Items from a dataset
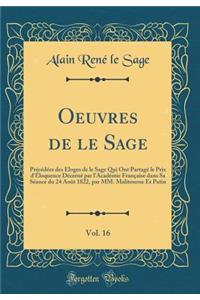 Oeuvres de Le Sage, Vol. 16: Precedees Des Eloges de Le Sage Qui Ont Partage Le Prix D'Eloquence Decerne Par L'Academie Francaise Dans Sa Seance Du 24 Aout 1822, Par MM. Malitourne Et Patin (Classic Reprint)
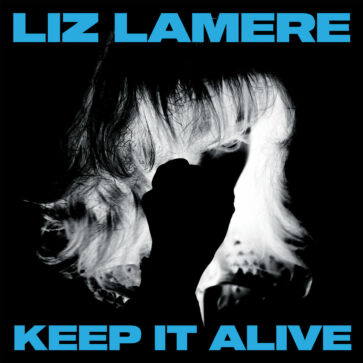 Liz Lamere - keep it alive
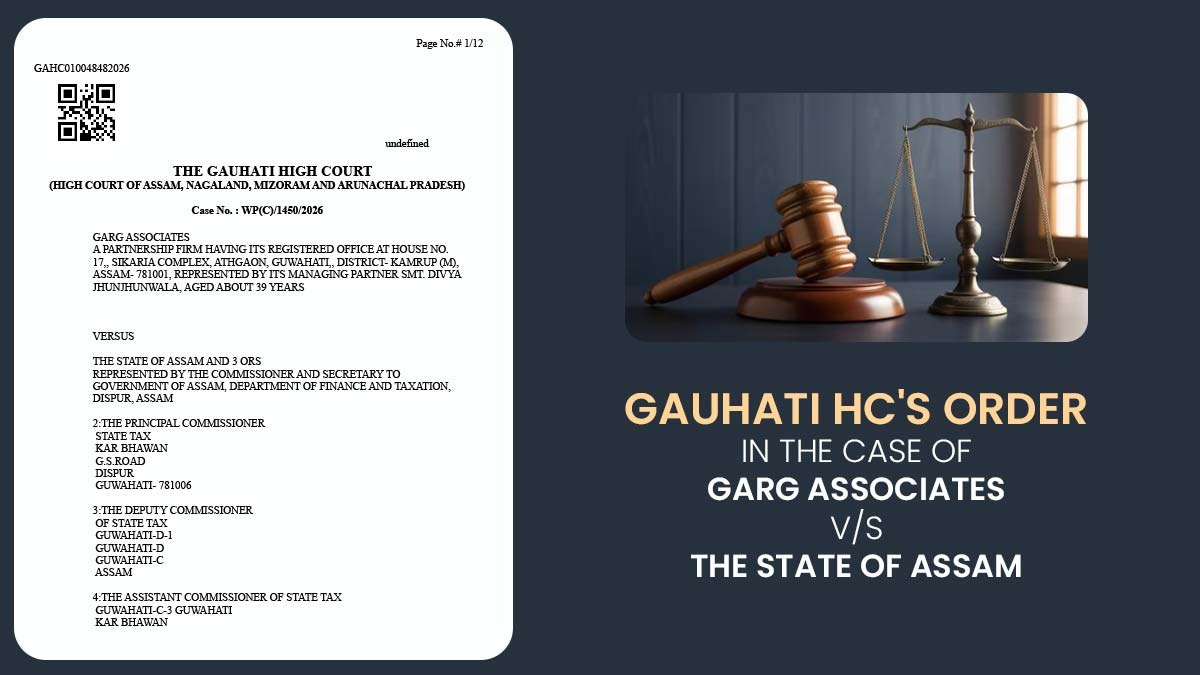 Gauhati HC's Order In the Case of Garg Associates Versus The State of Assam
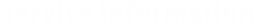 SERVICE INFORMATION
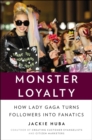 Image for Monster loyalty: how Lady Gaga turns followers into fanatics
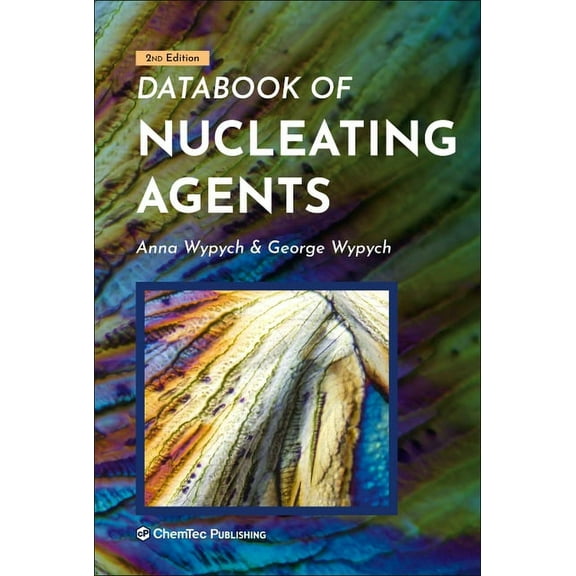 Databook of Nucleating Agents, (Hardcover)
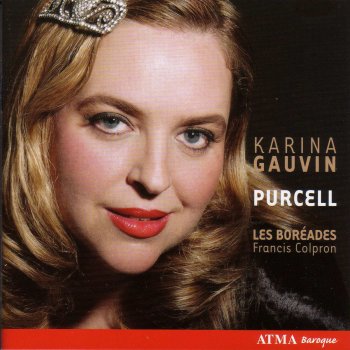 Henry Purcell feat. Karina Gauvin, Francis Colpron & Les Boréades de Montréal King Arthur, Z. 628: Fairest Isle
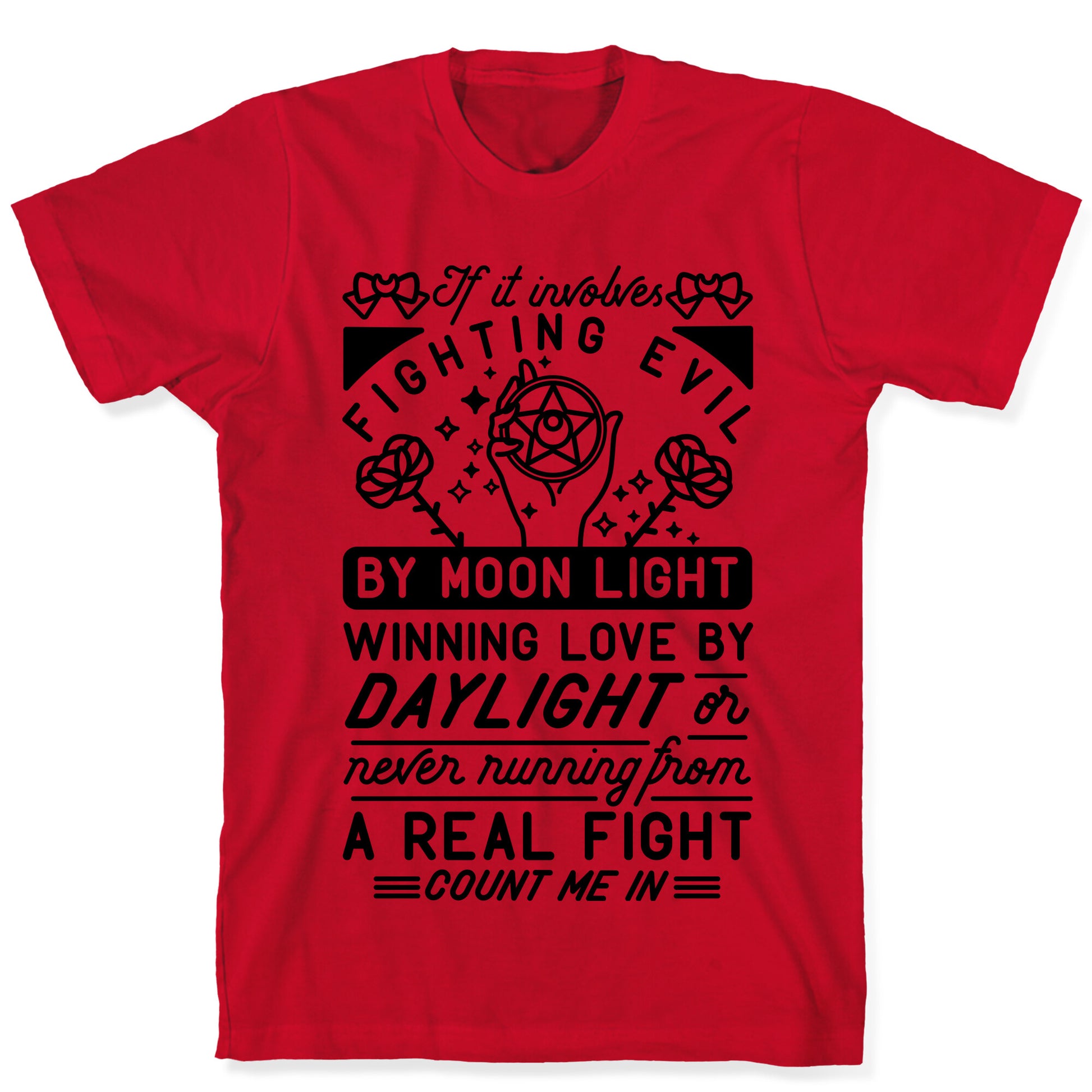 If It Involves Fighting Evil By Moon Light T-Shirt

Work instructions:
Could you restate all of the data above word for word and skip every picture?

Result of the exercise:
 Oeuvres de Le Sage, Vol. 16: Precedees Des Eloges de Le Sage Qui Ont Partage Le Prix D'Eloquence Decerne Par L'Academie Francaise Dans Sa Seance Du 24 Aout 1822, Par MM. Malitourne Et Patin (Classic Reprint)
 Liz Lamere - keep it alive
 Gauhati HC's Order In the Case of Garg Associates Versus The State of Assam
 SERVICE INFORMATION
 Image for Monster loyalty: how Lady Gaga turns followers into fanatics
 Databook of Nucleating Agents, (Hardcover)
 Henry Purcell feat. Karina Gauvin, Francis Colpron & Les Boréades de Montréal King Arthur, Z. 628: Fairest Isle
 If It Involves Fighting Evil By Moon Light T-Shirt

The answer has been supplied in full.